Fire planning is an ongoing process that melds science, management direction, and objectives into a variety of planning products that are used to conduct on the ground wildland fire operations.
Fire Management Plans
After the fatal fire season of 1994, the Departments of Interior and Agriculture jointly released the updated Federal Fire Policy requiring every area with burnable vegetation have a Fire Management Plan. This policy was updated and re-emphasized after the 2000 fire season and additional guidance was provided in 2009. Since 1995, the BLM has been working to update land use and fire management plans to address this policy, including recognizing and integrating fire as a natural process, prioritizing firefighter & public health and safety, and protecting sensitive values at risk from fire. Land managers are working with local communities as well as federal partners to prepare landscape-scale plans across agency boundaries.
The BLM recently issued an updated Fire Management Plan Template that incorporates increased flexibility to spatially display fire related information. The template is available to BLM employees by clicking here.
The BLM fire management program complies with the National Environmental Policy Act (NEPA), Clean Air Act, National Historic Preservation Act, and Endangered Species acts through Land Use Planning, project specific NEPA planning (which may identify additional management constraints or survey requirements) and emergency consultation.

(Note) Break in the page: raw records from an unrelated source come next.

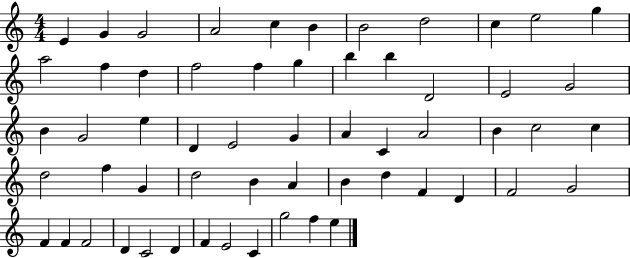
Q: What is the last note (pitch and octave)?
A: E5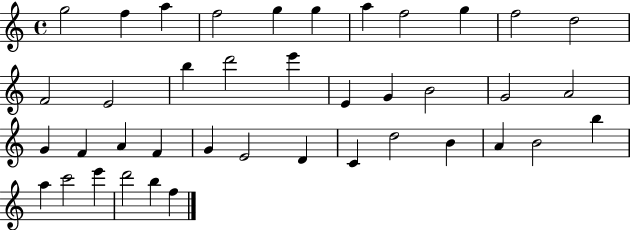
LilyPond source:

{
  \clef treble
  \time 4/4
  \defaultTimeSignature
  \key c \major
  g''2 f''4 a''4 | f''2 g''4 g''4 | a''4 f''2 g''4 | f''2 d''2 | \break f'2 e'2 | b''4 d'''2 e'''4 | e'4 g'4 b'2 | g'2 a'2 | \break g'4 f'4 a'4 f'4 | g'4 e'2 d'4 | c'4 d''2 b'4 | a'4 b'2 b''4 | \break a''4 c'''2 e'''4 | d'''2 b''4 f''4 | \bar "|."
}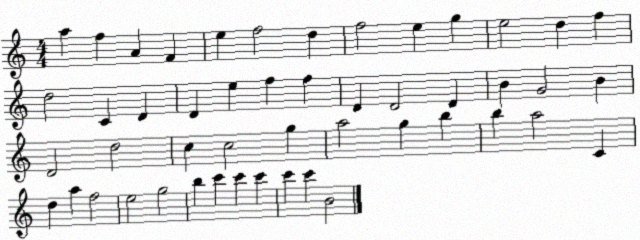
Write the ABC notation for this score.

Opportunities for public involvement:
Data & information for program and incident decision support
The BLM utilizes the Wildland Fire Decisions Support System (WFDSS) to evaluate risk, and document decisions associated with wildfires. The WFDSS includes robust fire behavior and spread prediction models, values at risk information, and is pre-loaded with resource management objectives from land use and any subsequent implementation level NEPA to guide fire management.
As the number one natural resource concern for the BLM - the protection of sage-grouse habitat from fire is being incorporated into policy, land use, and fire management plans.